START Material provided

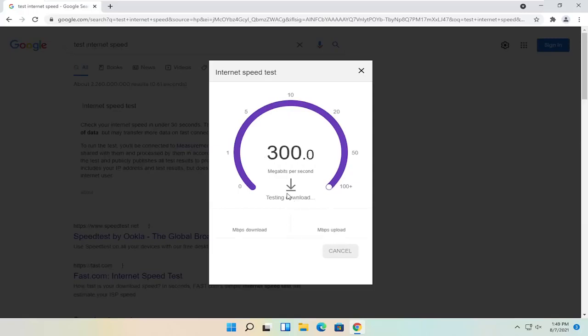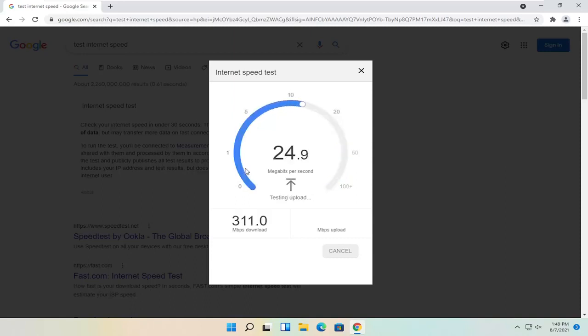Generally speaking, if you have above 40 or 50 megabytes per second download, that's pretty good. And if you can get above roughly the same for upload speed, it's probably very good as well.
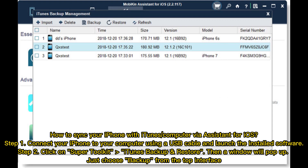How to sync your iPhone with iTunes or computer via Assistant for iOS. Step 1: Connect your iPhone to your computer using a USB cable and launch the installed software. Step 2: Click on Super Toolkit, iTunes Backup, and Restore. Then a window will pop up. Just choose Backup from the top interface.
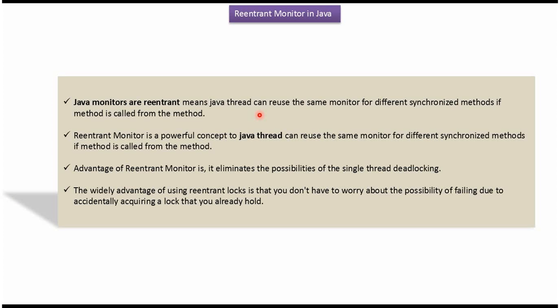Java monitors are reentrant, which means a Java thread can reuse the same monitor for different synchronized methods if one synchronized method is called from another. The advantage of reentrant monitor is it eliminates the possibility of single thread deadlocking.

END Material provided
START Material provided

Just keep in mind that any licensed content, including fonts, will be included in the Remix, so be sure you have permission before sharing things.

END Material provided

Print from the line containing "Generally speaking, if" through the line containing "Java monitors are" in the data above, exactly as the lines stand, and omit every picture.

Written answer:
Generally speaking, if you have above 40 or 50 megabytes per second download, that's pretty good. And if you can get above roughly the same for upload speed, it's probably very good as well.
How to sync your iPhone with iTunes or computer via Assistant for iOS. Step 1: Connect your iPhone to your computer using a USB cable and launch the installed software. Step 2: Click on Super Toolkit, iTunes Backup, and Restore. Then a window will pop up. Just choose Backup from the top interface.
Java monitors are reentrant, which means a Java thread can reuse the same monitor for different synchronized methods if one synchronized method is called from another. The advantage of reentrant monitor is it eliminates the possibility of single thread deadlocking.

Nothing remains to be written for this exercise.